Sunday, June 15, 2008

Pick me up off the floor

I'm shocked!! For the first time ever, I actually agree with fetus fetishizing homophobic lunatic Bill Wartcott on something. Quick... help me to the Fainting Couch and bring on the smelling salts.

Okay, let's get the background on this astonishing development: Last week, there was a story out of Winnipeg about a woman whose children were apprehended by social services. She's allegedly some kind of neo-nazi 'white nationalist' slimebag, so social services decided that her kids were in danger of being brainwashed with hate and removed them from their home:
"A seven-year-old girl and two-year-old boy were seized by Manitoba Child and Family Services this spring due to concerns their father, an alleged neo-Nazi, was filling their minds with hate and marking one child's body with racist graffiti."
This is an alarming story on many levels. Obviously it's not the greatest environment for kids to grow up in, just based on their parents' obvious mental/social issues. But although I hold nazi sympathizers and the like in nothing but contempt, I can't say I agree with state intervention into a private home for any reason short of physical abuse, and this ain't it. Some might consider teaching kids bigotry to be a form of psychological abuse, and it certainly does them no favours emotionally or socially. But the one good thing about bigotry is that, as a learned response, it can also be un-learned, with the help of teachers, friends and the rest of the "village" that it takes to raise a child. Being scooped out of the family home and shunted into the foster care system is more likely to leave permanent scars.

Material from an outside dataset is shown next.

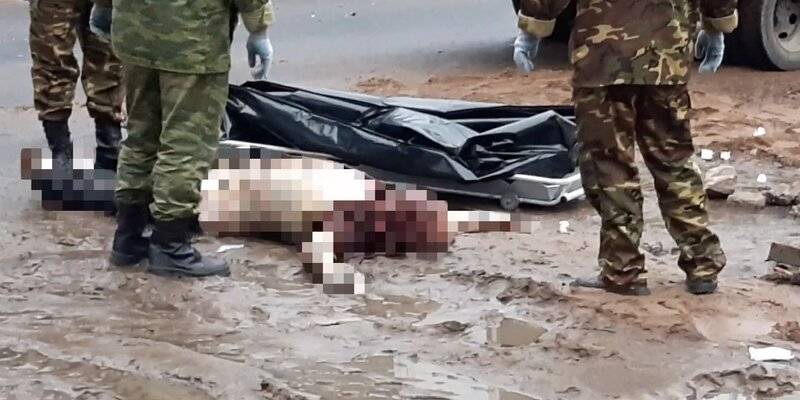 Во время ливня в Улан-Удэ на дорогу вынесло человеческий труп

Not only that, but as Mr. Whatcott ironically pointed out in an interview yesterday, it's a slippery slope:
""If you're going to target neo-Nazis who haven't actually hit or sexually abused their children, who's to say conservative Christian evangelicals aren't next? Our views are pretty unpopular," .
He has a good, if somewhat paranoid, point -- although probably not for the reason he thinks. What the government deems an acceptable family environment is largely dependent on the views of those in power. Imagine if Whatcott and his ilk were running things -- as authoritarians of the highest order, they'd think nothing of using the social services apparatus to intervene ("Won't someone think of the children!??") in a home they considered "inappropriate". Like a gay-parented home. Or a home headed by a single feminist mother. Or an atheist home. The list could, and would, go on and on.

Social service agencies have a place in looking out for high-risk kids, but the political views of parents, no matter how odious, can't be considered sufficient risk and reason for the government to remove their children. Unless a child is being physically harmed, the state has no business in his/her home.